The disclosures referred to herein to illustrate the background of the invention and to provide additional detail with respect to its practice are incorporated herein by reference. For convenience, the disclosures are referenced in the following text and respectively grouped in the appended bibliography.
Retroviral vectors are the most efficient tools to introduce genes into vertebrate cells. Clinical experiments have been conducted to use retrovirus vectors to cure a genetic disease in humans (adenosine deaminase (ADA) deficiency). Besides correcting inborn errors of metabolism, gene therapy is also being tested in clinical trials to cure cancer and various other diseases (Science 1992, Vol. 258, pp. 744-746).
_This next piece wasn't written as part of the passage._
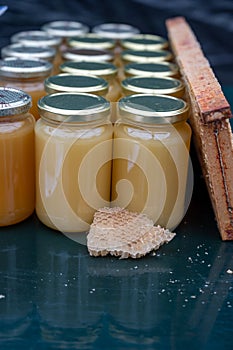 Organic honey from farm bee apiary on mountains meadows with summer wild flowers for sale in farm shop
Retroviral vectors are basically retroviral particles that contain a genome in which all viral protein coding sequences have been replaced with the gene(s) of interest. As a result, such viruses cannot further replicate after one round of infection. Retroviral vector particles are produced by helper cells (FIG. 1). Such helper cells are cell lines that contain plasmid constructs which express all retroviral proteins necessary for replication. After transfection of the vector genome into such helper cells, the vector genome is encapsidated into virus particles (due the presence of specific encapsidation sequences). Virus particles are released from the helper cell carrying a genome containing only the gene(s) of interest (FIG. 1). In the last decade, several retroviral vector systems, derived from chicken or murine retroviruses, have been developed for the expression of various genes (for reviews see Temin, 1987; Gilboa, 1990).
Retroviral vectors have several limitations. Besides the limited genome size that can be encapsidated into viral particles, the most limiting factor for the application of retroviral vectors is the restricted host range of the vector particle. Some retroviruses can only infect cells of one species (ecotropic retroviruses) or even only one cell-type of one species (e.g., HIV). Other retroviruses have a very broad host range and can infect many different types of tissues of many different species (amphotropic retroviruses).
The initial step of retroviral infection is the binding of the viral envelope (env) glycoprotein to specific cell membrane receptors, the nature of which is unknown for most retroviruses. However, the interaction of the viral env protein with the cell surface receptor is very specific and determines cell-type specificity of a particular virus (Weiss et al, 1985). The envelope protein of all known retroviruses is made up of two associated peptides, (e.g., gp70 and p20(E) in SNV). These peptides are derived by proteolytic cleavage from the same precursor (gPR90env) encoded by the retroviral env gene. One peptide p20(E), also termed TM, anchors the protein in the membrane of the virus and, as shown with HIV, mediates the fusion of the virus and cell membranes. The second peptide gp70, also termed SU, mediates the binding of the virus to its receptor and, therefore, determines the host range (Weiss et al., 1985; Varmus and Brown, 1989).
Data obtained with several retroviruses indicate that the retroviral envelope protein forms trimers or tetramers. The formation of trimers appears to be mediated by the TM peptide (reviewed in Hunter, E. et al., 1990). Targeting envelopes retain TM in order to (i) maintain a membrane fusion function and (ii) maintain oligomerization. However, since X-ray pictures are not available, it is unclear whether or to what degree the construction of targeting-molecules impaired the structure of the membrane fusion domain.